Getting Started With Creativity
Getting started with Creativity in your organisation
Creativity is a powerful business tool
Creativity can be used every day for events such as meetings. Why not rewrite the ‘Meetings Handbook’ to include Edward de Bono’s Six Thinking Hats or include relaxation or visualisation as part of everyday working life? There are many ways of using creativity, however, I believe that a good starting point is to:
- Measure the current creative climate within the organisation (How? use our Innovation Toolkit …)
- Create a toolbox of essential models and techniques
- Develop creative leaders and managers
- Form creative teams
- Explore alternative techniques for change, problem-solving and creating strategy
- Use an external facilitator or catalyst to help kick-start the process
As a bare minimum, we believe that you should be looking at the following areas within your business or organisation. The list is only a small subset of the areas that we look at when carrying out audits. Contact us to find out how we can help you. In the meantime, you can use the following to take a look at possible areas for improvement within your organisation.
Strategic barriers to Creativity
Strategic barriers to creativity include, but are not limited to the following:
- Preferred ways of decision making
- Solving problems
- Use of finance
- Assessment of, and attitude towards risk
‘Good’ organisational culture is characterised by individuals feeling empowered, constructive personal relationships and a sense of time and space to ‘play’ and learn. There should also be a feeling that the organisation acts as a whole with high intrinsic motivation amongst employees. There is nothing that you can do directly to create the ideal culture for creativity to flourish, all you can do is create the right environment and let it grow. This is a little like gardening. We can plant seeds or plants, water and feed them but standing and shouting GROW at them does not work.
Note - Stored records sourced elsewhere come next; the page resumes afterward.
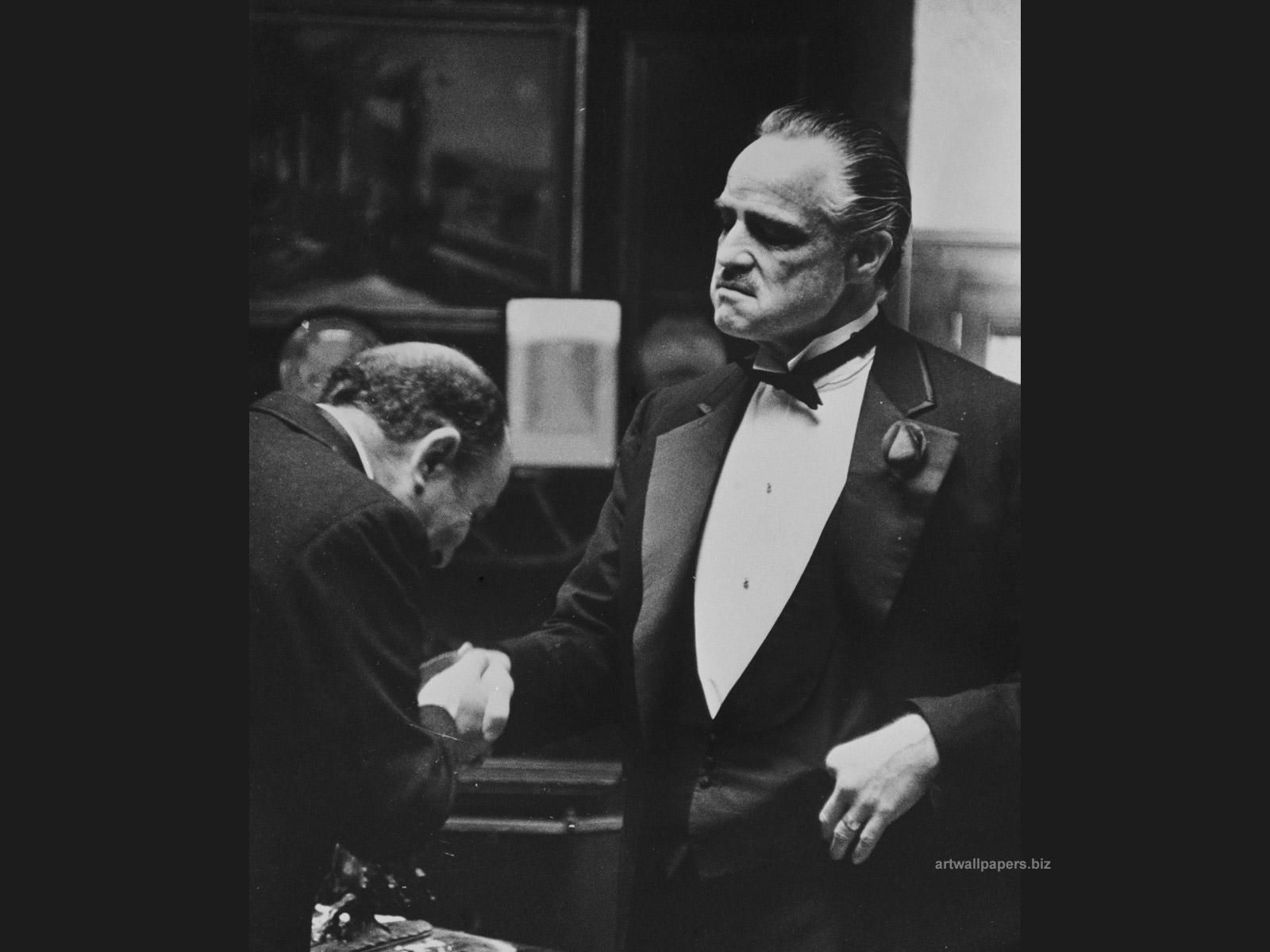 The Godfather Wallpaper Iphone Music And Movie Wallpapers 13757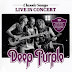 2017 Classic Songs. Live In Concert - Deep Purple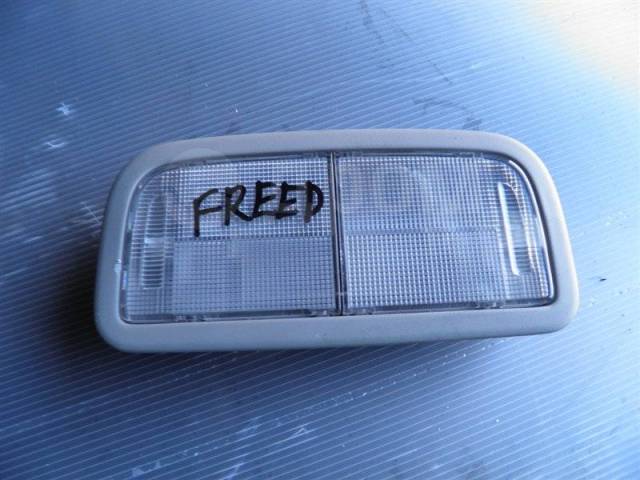Как снять плафон хонда шаттл Купить Плафон Honda Freed 2011 GB4 L15A во Владивостоке по цене: 400 ₽ - объявле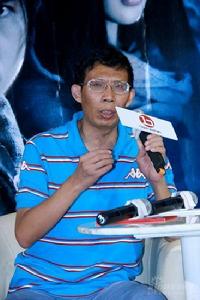 紀連海老師也是《文化中國》的常客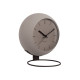 OROLOGIO TABLE GLOBE DARK WARM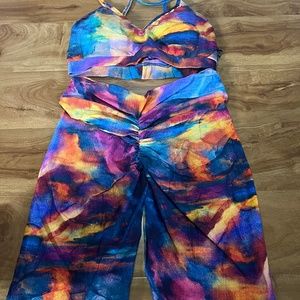 Lici Fit Euphoria Workout set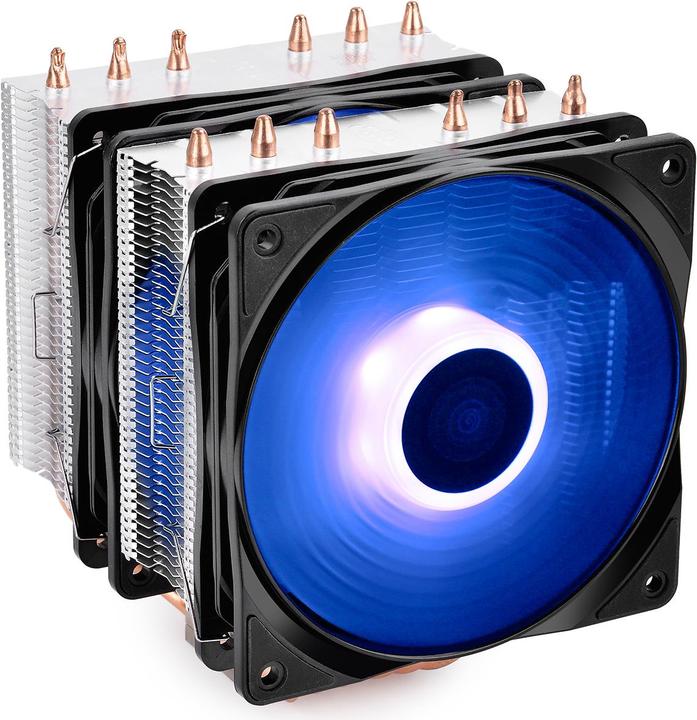 Produktbild Deepcool Neptwin RGB (158 mm)
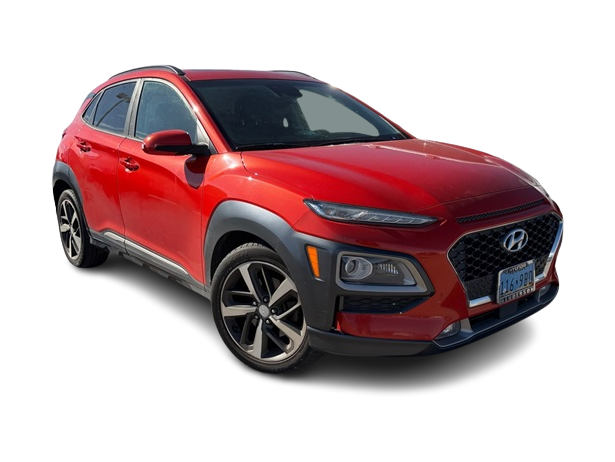 Thumbnail: 2019 Hyundai Kona - 22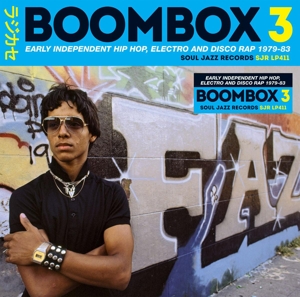 Various – Boombox 3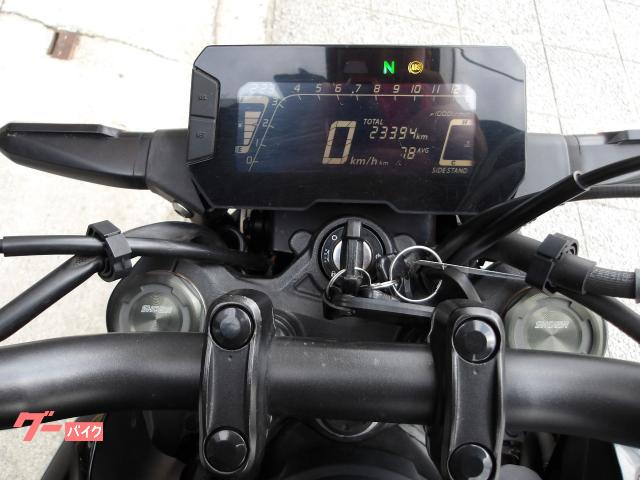 ホンダ ＣＢ２５０Ｒ　２０１９年モデル　ＡＢＳ　インジェクション　水冷単気筒エンジン 写真37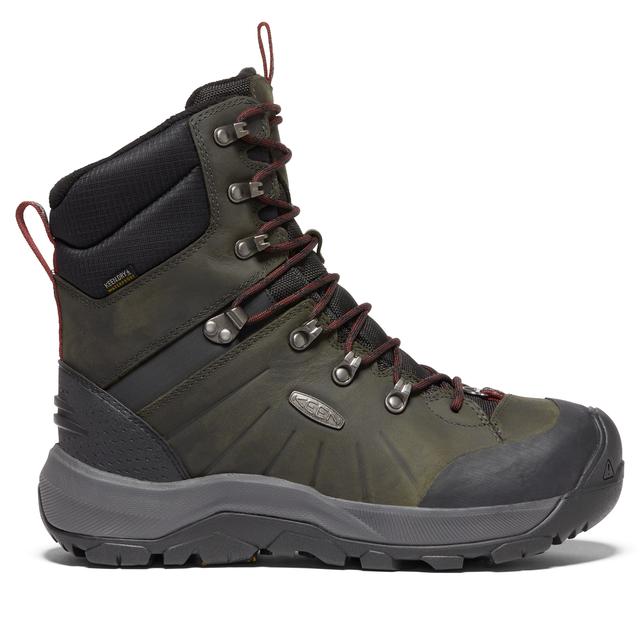 Revel IV High Polar Boot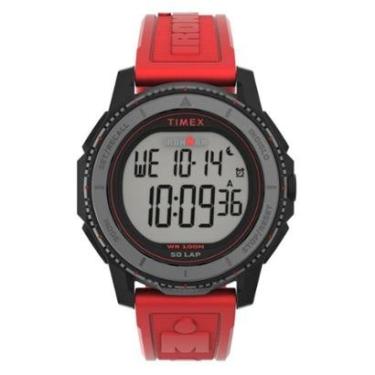Imagem de Relógio Timex Digital Ironman® Adrenaline Masculino-Masculino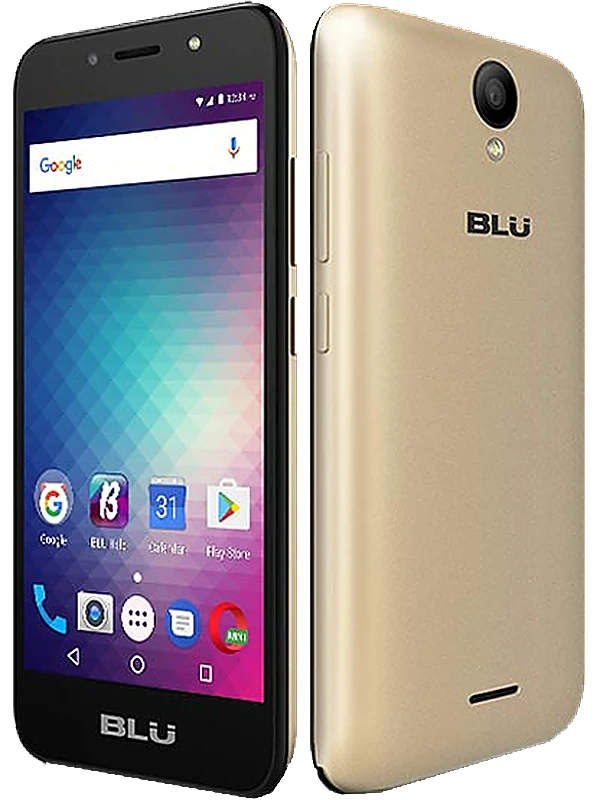 BLU Studio J2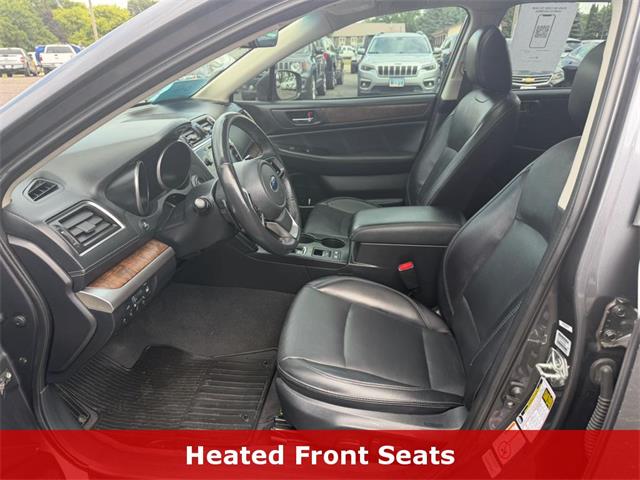2018 Subaru Outback (CC-2095148) for sale in Brookings, South Dakota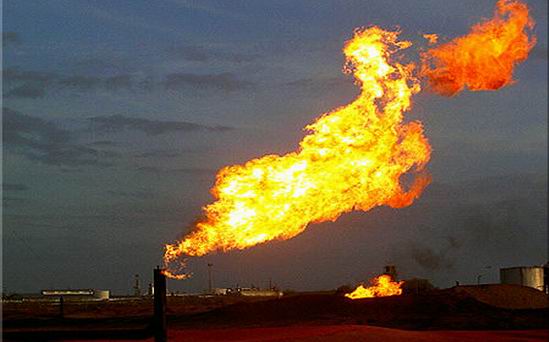 Rusia cumpara mai mult gaz din Azerbaidjan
This is culture that is espoused by those in senior positions. If the organisation is in balance then organisational and corporate culture will mirror each other. Espoused values should centre on trust and freedom and open communications with tacit and explicit knowledge being valued equally.
Time should be allowed to prototype, to learn not to repeat our failures and to capture experiences for reuse later. Most importantly, all of these processes must be systematic. Quite often knowledge is seen as a source of power and the ability to learn and share might require a shift in HR policies within an organisation.
Process and Structure
Creativity must be’”un-managed’ i.e. a framework is required but without prescriptive manuals or procedures. It must be part of the organisational fabric. This will impact HR policies and also the way in which the organisation is led and managed. The types of structure required are loose and flexible, rather like those found in emerging social networks.
Leadership and Management
Strategic direction is set by those at the top. Often there are no concrete objectives and a strategy emerges quite by accident. A creative organisation must know where it is supposed to be going and what resources it has to do the job required. Research has shown that significantly over-resourcing a project has no effect and neither does under-resourcing. Creative Leadership requires both a traditional set of Leadership and Management tools and some new tools and techniques. Creative Leaders must be flexible, be able to live with ambiguity and select the right tools for the job.